Sunday, March 19, 2023

Freeze Warning on March 19th

In a really unusual happening, we have a freeze warning tonight.  As I type this, temps are predicted to get down to 31 degrees tonight and stay that way for several hours.  That would put a severe hurting on our garden.  We have every single thing planted in the garden with the exception of blackeye peas, purple hull peas and Ozark razorback peas.  We did our best to protect them, but we won't know where we stand until tomorrow afternoon.

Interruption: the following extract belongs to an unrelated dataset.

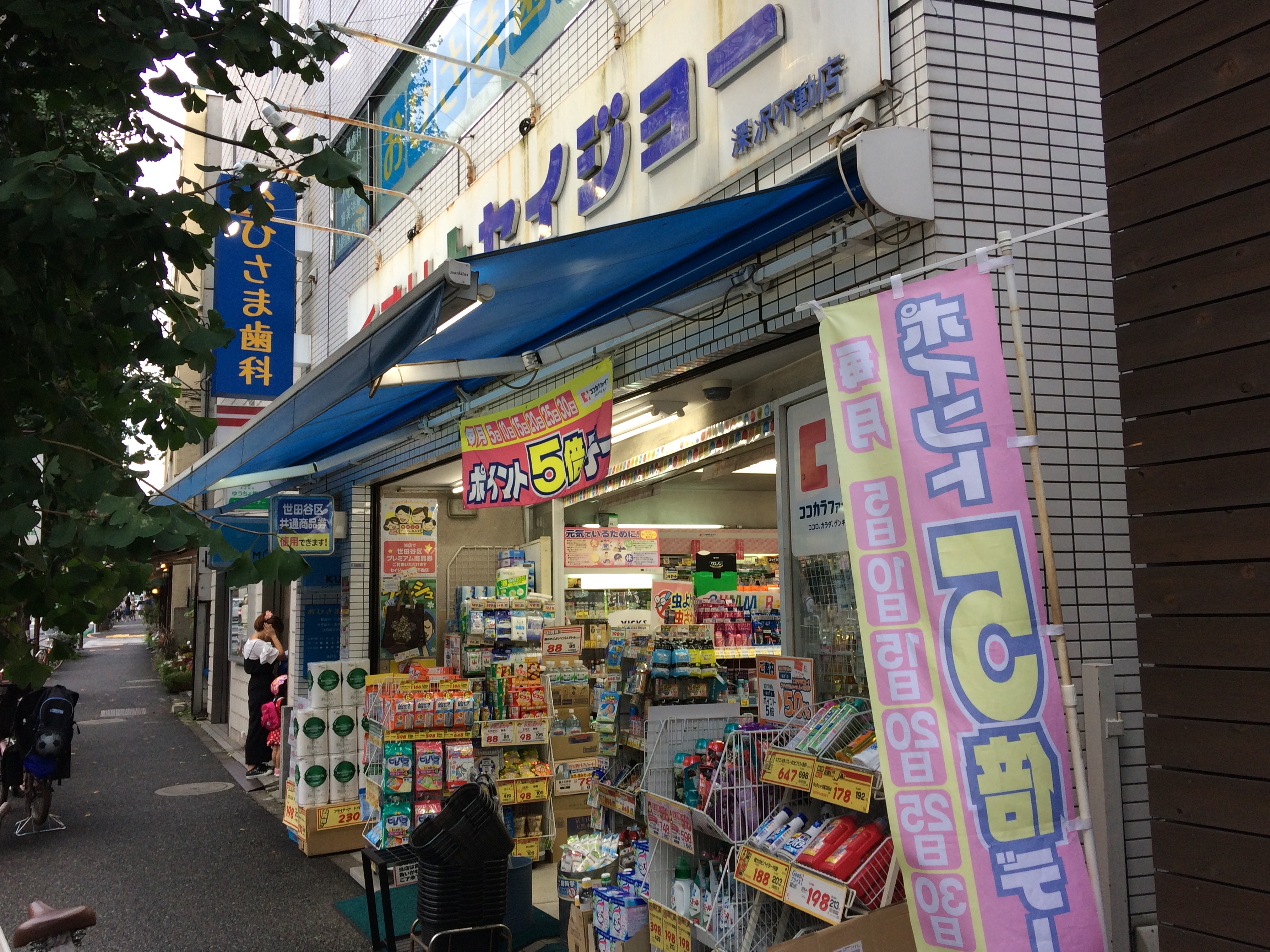 グリーンヴィラ駒沢 ドラッグストア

We have saved a big inventory of landscape pots, 5 gallon buckets and tarps.  This afternoon, with temps in the 50's I got to work.  The number one task was tomatoes.  I have about 50 tomato plants that range in height from 6-12" tall.  I covered them up with buckets/pots and did the same with the peppers.  Then I stretched a large tarp over the snap beans and then over most of the tomatoes that were covered with buckets, hoping the extra layer of insulation would help.  Some of the tomatoes have blooms on them!  I covered the cucumbers as well.  They're located on the bottom left under the trellis.  Some items, like carrots can withstand a freeze so they needed no protection.

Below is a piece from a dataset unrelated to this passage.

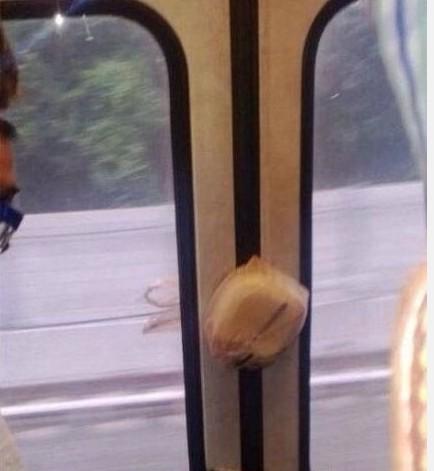 人没上来 人没上来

On the backside of the garden, I covered all of the squash, okra, eggplant, tomatillos, basil and butterbeans.  The onions should be fine without any covering.  I was a little concerned that the wind would blow the pots off of the plants, so on some of them I placed sticks or dirt clods on top to weigh them down.  As it turns out, as soon as the sun set, the winds diminished, so the weights weren't necessary.

I moved to the bed in the side yard and covered all 112 potato plants as well as the butternut squash, cantaloupes and watermelon plants.  Planting this early was somewhat of a gamble, but the Farmer's Almanac showed the average last spring frost date for our zip code was March 1st.  A freeze this late is an outlier indeed.

Rushing to plant everything this early is a risk; however, sometimes it pays off as you begin harvesting prior to the onslaught of pest pressure.  After we finished covering everything, I told Tricia that we did what we could.  If we lose everything, we'll just replant.  We'll see how it goes.